Thursday, May 9, 2013

Peruvian Universities That Offer Distance Learning Bachelor Degrees

Distance learning is a new concept in Peru. In the US it's been around for ages. I remember looking at my dad's old comic books and they had adverts for correspondence courses in order to finish high school and get your high school diploma. High school diplomas are now the bare minimum needed for jobs. Most places ask for a bachelor degree, if not a master.

One tip to remember is that speaking Spanish will help you greatly. You'll be treated differently than if you speak English all the time, it'll help you assimilate to the culture, and you'll be able to communicate easier.

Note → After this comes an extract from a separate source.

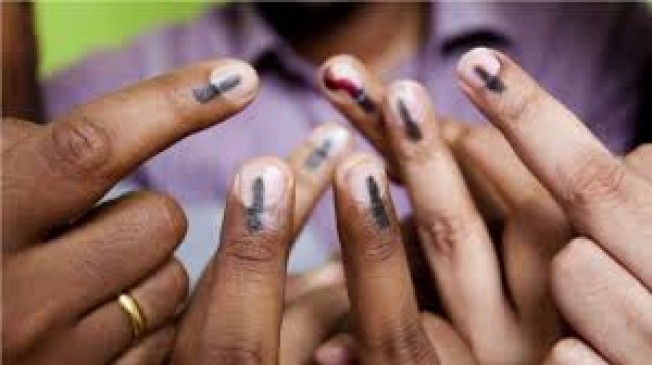 Butibori nagar parishad come in general Category during lottery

Background to Bachelor Degrees in Peru
In Peru there are two levels of bachelor's degrees. You get your bachiller and your titlulo. The first means you've finished all the courses. The second means you've done a capstone course: such as an intensive course, internship, or thesis.

3 Universities in Peru
Peru has three universities that I know of that offer distance learning, but even then it's not completely possible to do if you don't have someone in Peru to help you. My husband is going through Garcilaso de la Vega University and he had to go there in order to apply and spent a couple months trying to get credits transferred and whatnot. At the beginning in 2011 he had to have relatives physically go to the university and pick up the books and post them to him.
    • Garcilaso de la Vega University: 3 semestres a year. You should be able to finish in about 3 years. Affordable. It's not that organised. Even a month into most semestres not all the professors have told you what work is expected to you and if they tell you it's vague. They'll tell you to write a paper or do research but will have no word or page limit. In order to get your diploma for either your bachiller or your titulo you also have to physically go to the university and fill out tramites and wait a couple months. The kicker? If you want to do your titulo at another university, which is common enough in Peru, you have to wait until you have your diploma in hand. Idiotic.
      Passing your thesis is another grey area. Not only do you have to rent the space where you give the thesis, but you also have to pay the profs for their time. It seems like they'd be pretty likely to fail you since then you'd have to hire them again. Peruvian culture is full of shades of grey and bribery: reminds me why I left Peru in the first place.

    • Los Angeles Chimbote University: Should be affordable. Not that well-known of a university.

    • San Ignacio Loyola University: Pretty expensive. Aimed towards rich people or those whose companies will pay.

    Hopefully there will be more universities that offer BA degrees and they'll organise their info better so that you don't physically have to go there to get stuff done.